From Tehran, Hagel and Rumsfeld, Obama and Bush don’t look much different

Alireza Nader writes: The Iranian regime is hardly cheering Hagel on, despite what some of his critics say. Yes, Hagel sounds cautious about a U.S. bombing campaign against Iran’s nuclear facilities, but such a campaign isn’t what keeps the Iranian supreme leader, Ayatollah Ali Khamenei, up at night. An American strike would spur the Iranian public to rally around the flag and buck up a wobbling, wheezing theocracy — and an Israeli strike would do so in spades.

The Iranian leadership’s real worry is not American planes but Iranian protesters. Their deepest anxieties revolve around a Persian version of Tahrir Square, a replay of the 2009 Green uprising that wasn’t ended by the regime’s violent repression. Strange as it may sound, the Islamic Republic is a lot more frightened of the imprisoned Iranian human rights activist Nasrin Sotoudeh than it is of Israeli Prime Minister Benjamin Netanyahu.

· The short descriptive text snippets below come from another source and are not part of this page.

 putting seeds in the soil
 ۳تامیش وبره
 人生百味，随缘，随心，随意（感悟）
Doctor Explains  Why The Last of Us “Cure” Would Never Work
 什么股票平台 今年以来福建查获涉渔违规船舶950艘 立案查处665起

As such, Hagel’s nomination was greeted in Tehran with a shrug, not a sigh of relief. The Islamic Republic hardly thinks that with Hagel nominated, it’s off the nuclear hook. Iran’s leaders see U.S. “hostility” as institutionalized and systematized, not produced by partisan politics or individual appointments. As Hossein Salami, a top-ranking Revolutionary Guards officer, said of Hagel, “We view the United States as a political and ideological system driven by its strategic interests rather than by individual politicians.”

That was true even in the transition from George W. Bush to Barack Obama. The Islamic Republic greeted Obama’s election in 2008 with mixed emotions. On the one hand, the Iranian regime worried that Obama’s barrier-breaking achievement and inspiring life story might appeal to the average Iranian in a way unmatched by any previous U.S. president.

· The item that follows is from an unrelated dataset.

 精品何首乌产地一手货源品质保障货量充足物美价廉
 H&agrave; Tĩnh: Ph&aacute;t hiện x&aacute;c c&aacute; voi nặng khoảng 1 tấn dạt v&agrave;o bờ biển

On the other, the Iranian regime continued to believe that its lifelong rivalry with the United States is the result of flatly irreconcilable differences: what it sees as Washington’s unshakable opposition to the Iranian revolution, unqualified and limitless support for Israel, and insistence on competing with Iran for influence over the Middle East.

If Obama’s election didn’t change Tehran’s view of U.S. policy, it’s hard to see how Hagel’s nomination could. After all, America’s war-weariness is no secret, and it’s hardly limited to Vietnam veterans such as Hagel. Iranian decision-makers can read The New York Times and watch CNN like anyone else, and they understand the reluctance, both among America’s people and elites, to go to war against Iran over its nuclear program.